▸ **Problem to solve**: Only the lines running from the line with "Giá Bạt HDPE" to the end of the listing below should be copied, exactly, without pictures.

▸ **Data listing**:

================================

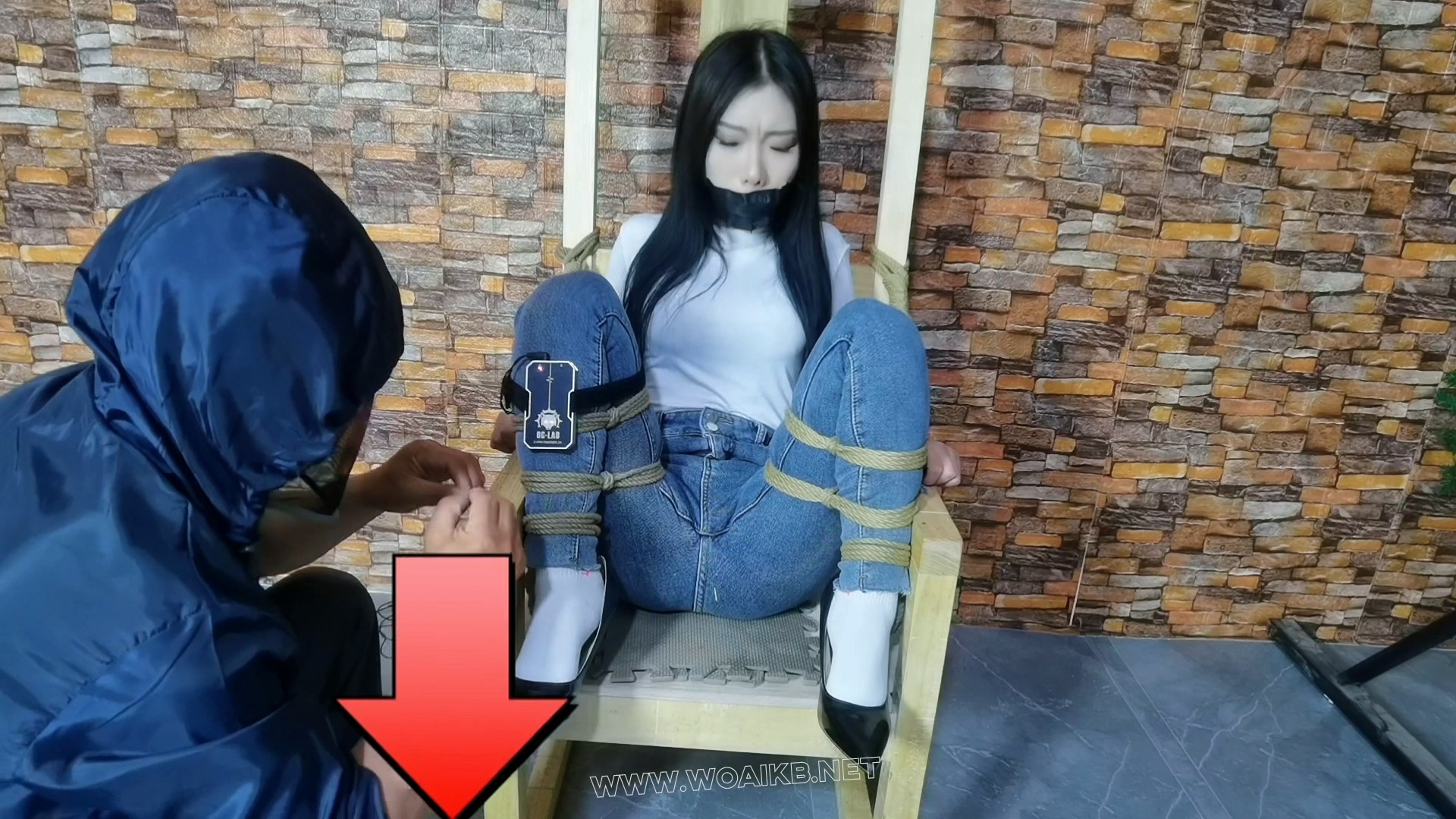 把月仙儿禁锢在刑椅上,y部扎满钢针,3样玩具同时骚操作,最终经不住折磨潮喷至昏死过去 预览图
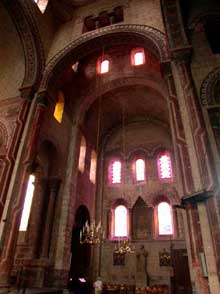 Issoire (Puy du Dôme), saint Austremoine : le bras sud du transept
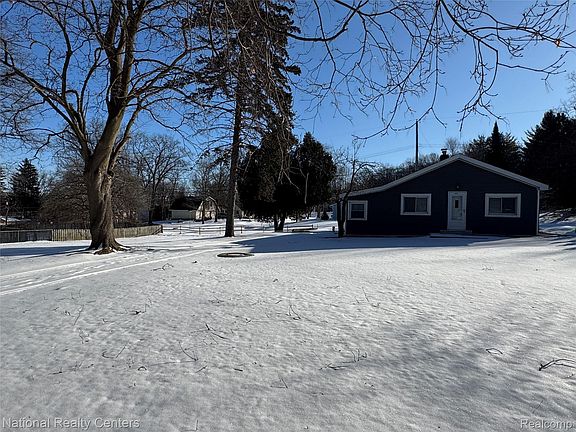 2nd image of 4915 Clarkston Rd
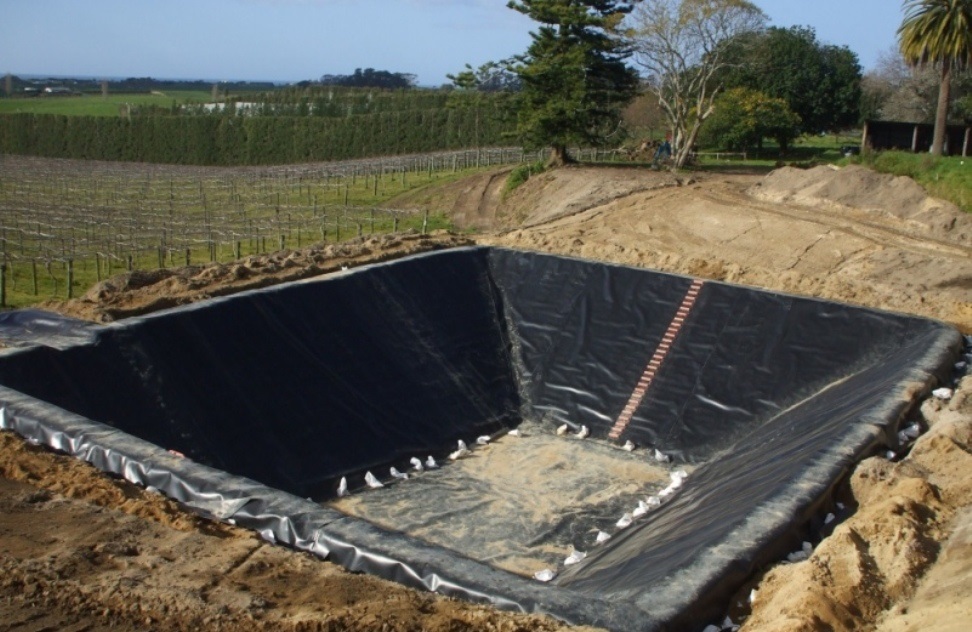 Giá Bạt HDPE Lót Hồ - Bí Quyết Vàng Cho Nuôi Trồng Thủy Sản Bền Vững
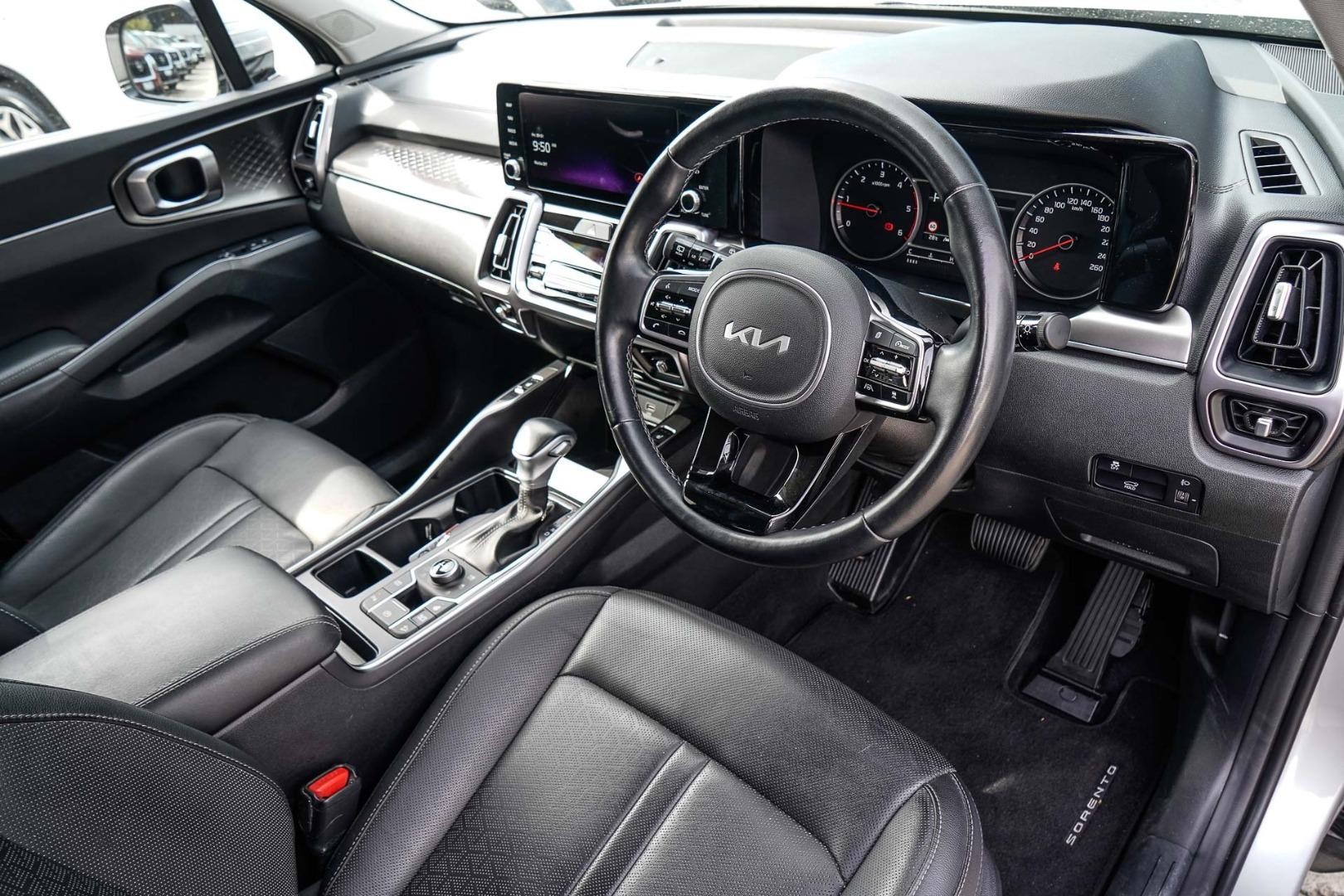 Kia Sorento image 4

================================

▸ **Answer section**:
 Giá Bạt HDPE Lót Hồ - Bí Quyết Vàng Cho Nuôi Trồng Thủy Sản Bền Vững
 Kia Sorento image 4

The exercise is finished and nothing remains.